Встретив Матова здесь, в нескольких метрах от передовой, Жуков, однако, не выказал ни малейшего удивления, но устроил бывшему штабисту настоящий экзамен. И, похоже, остался доволен, если судить по крепкому рукопожатию, когда покидал командный пункт дивизии. Но это рукопожатие маршала не сняло с полковника Матова нервного напряжения: одно дело командовать когда-то батальоном даже и тройного состава, одно дело отступать и вести полупартизанскую войну с противником, и совсем другое — командовать дивизией, тем более — на острие предстоящего прорыва мощнейшей немецкой обороны. Сумеет ли он владеть постоянно изменяющейся обстановкой, не растеряется ли при первых же неожиданностях? — вот что занимало полковника Матова, не давая ему ни минуты покоя, лишая сна и аппетита. При этом он понимал, что это его волнение есть волнение человека, которому предстоит делать впервые новую для него работу, что волнение это нормально, а ненормально было бы, если бы он такового волнения не испытывал.
Глава 6
Лейтенанта Красникова разбудил Федоров. Красников, ни о чем не спрашивая, сел на своем топчане и стал обуваться.

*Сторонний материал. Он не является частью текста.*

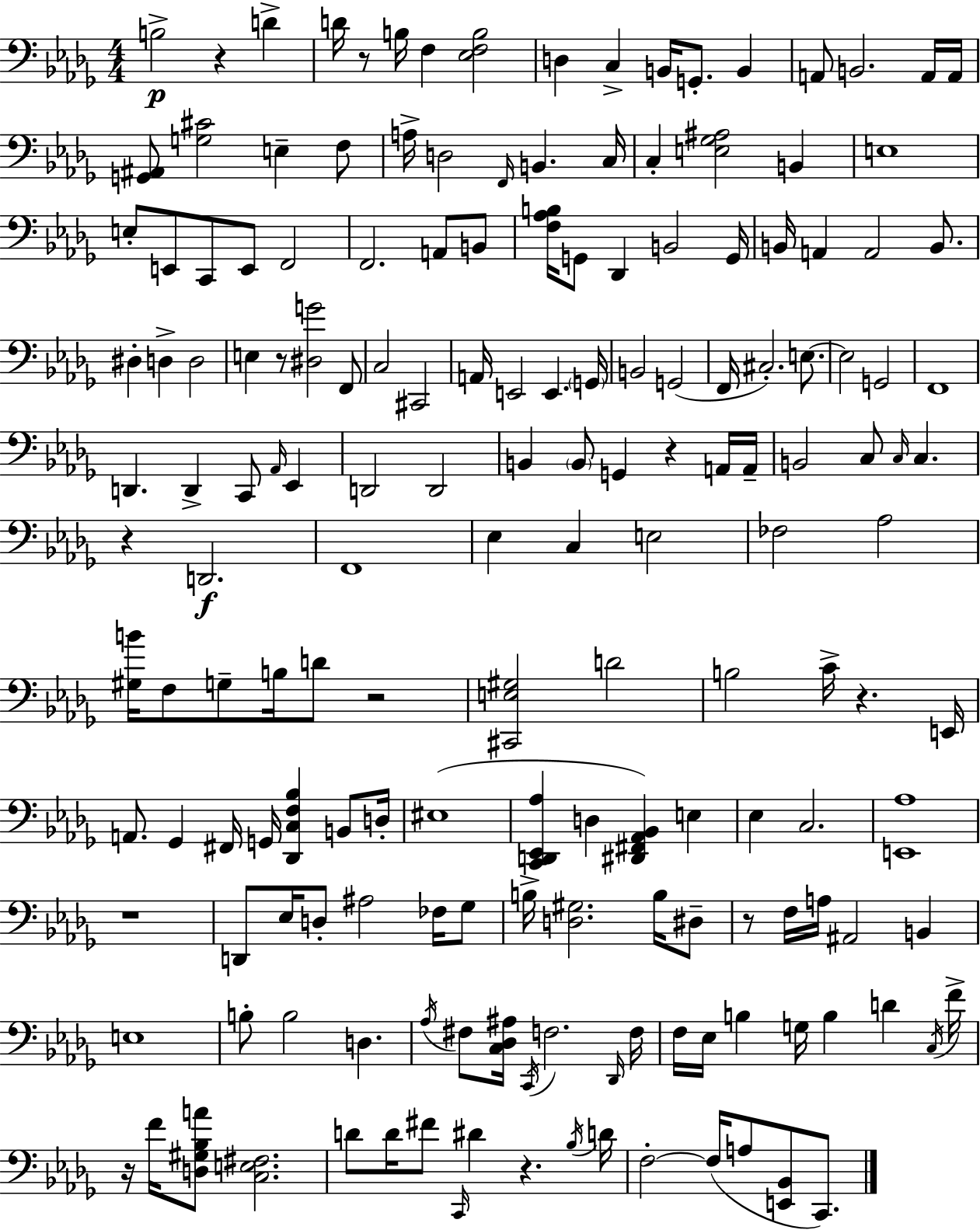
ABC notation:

X:1
T:Untitled
M:4/4
L:1/4
K:Bbm
B,2 z D D/4 z/2 B,/4 F, [_E,F,B,]2 D, C, B,,/4 G,,/2 B,, A,,/2 B,,2 A,,/4 A,,/4 [G,,^A,,]/2 [G,^C]2 E, F,/2 A,/4 D,2 F,,/4 B,, C,/4 C, [E,_G,^A,]2 B,, E,4 E,/2 E,,/2 C,,/2 E,,/2 F,,2 F,,2 A,,/2 B,,/2 [F,_A,B,]/4 G,,/2 _D,, B,,2 G,,/4 B,,/4 A,, A,,2 B,,/2 ^D, D, D,2 E, z/2 [^D,G]2 F,,/2 C,2 ^C,,2 A,,/4 E,,2 E,, G,,/4 B,,2 G,,2 F,,/4 ^C,2 E,/2 E,2 G,,2 F,,4 D,, D,, C,,/2 _A,,/4 _E,, D,,2 D,,2 B,, B,,/2 G,, z A,,/4 A,,/4 B,,2 C,/2 C,/4 C, z D,,2 F,,4 _E, C, E,2 _F,2 _A,2 [^G,B]/4 F,/2 G,/2 B,/4 D/2 z2 [^C,,E,^G,]2 D2 B,2 C/4 z E,,/4 A,,/2 _G,, ^F,,/4 G,,/4 [_D,,C,F,_B,] B,,/2 D,/4 ^E,4 [C,,D,,_E,,_A,] D, [^D,,^F,,_A,,_B,,] E, _E, C,2 [E,,_A,]4 z4 D,,/2 _E,/4 D,/2 ^A,2 _F,/4 _G,/2 B,/4 [D,^G,]2 B,/4 ^D,/2 z/2 F,/4 A,/4 ^A,,2 B,, E,4 B,/2 B,2 D, _A,/4 ^F,/2 [C,_D,^A,]/4 C,,/4 F,2 _D,,/4 F,/4 F,/4 _E,/4 B, G,/4 B, D C,/4 F/4 z/4 F/4 [D,^G,_B,A]/2 [C,E,^F,]2 D/2 D/4 ^F/2 C,,/4 ^D z _B,/4 D/4 F,2 F,/4 A,/2 [E,,_B,,]/2 C,,/2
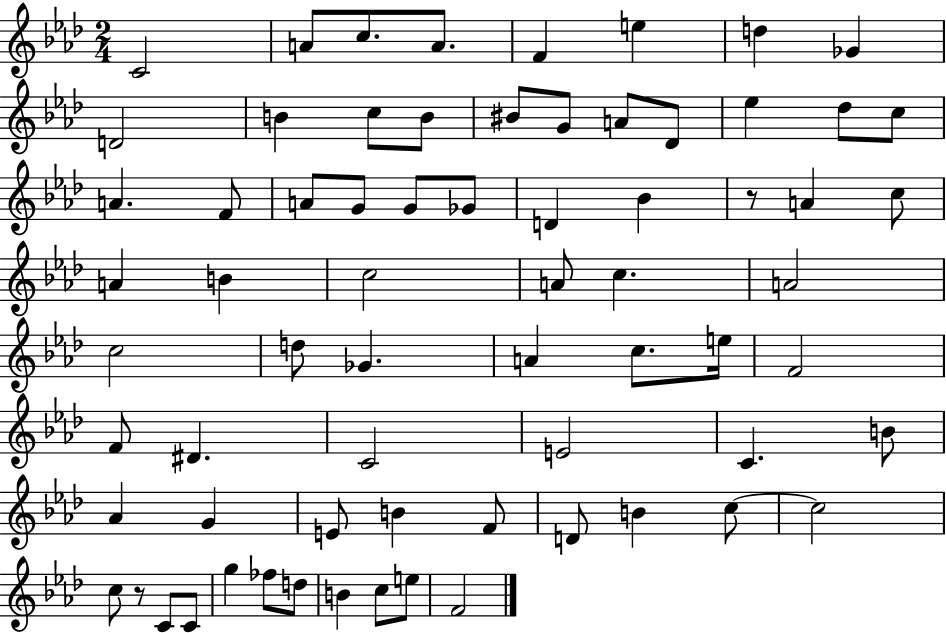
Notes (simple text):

C4/h A4/e C5/e. A4/e. F4/q E5/q D5/q Gb4/q D4/h B4/q C5/e B4/e BIS4/e G4/e A4/e Db4/e Eb5/q Db5/e C5/e A4/q. F4/e A4/e G4/e G4/e Gb4/e D4/q Bb4/q R/e A4/q C5/e A4/q B4/q C5/h A4/e C5/q. A4/h C5/h D5/e Gb4/q. A4/q C5/e. E5/s F4/h F4/e D#4/q. C4/h E4/h C4/q. B4/e Ab4/q G4/q E4/e B4/q F4/e D4/e B4/q C5/e C5/h C5/e R/e C4/e C4/e G5/q FES5/e D5/e B4/q C5/e E5/e F4/h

— Объявлена часовая готовность, — говорил между тем Федоров. — Комбата вызвали в штаб дивизии. Рота уже поужинала, собирается. А вы будете ужинать, товарищ лейтенант?
— Что там у нас на ужин?
— Как всегда — пшенка. Котелок я завернул, должна быть еще горячая.
— Взводные знают?
— Знают. Я просто вас не будил: думал — когда еще придется поспать…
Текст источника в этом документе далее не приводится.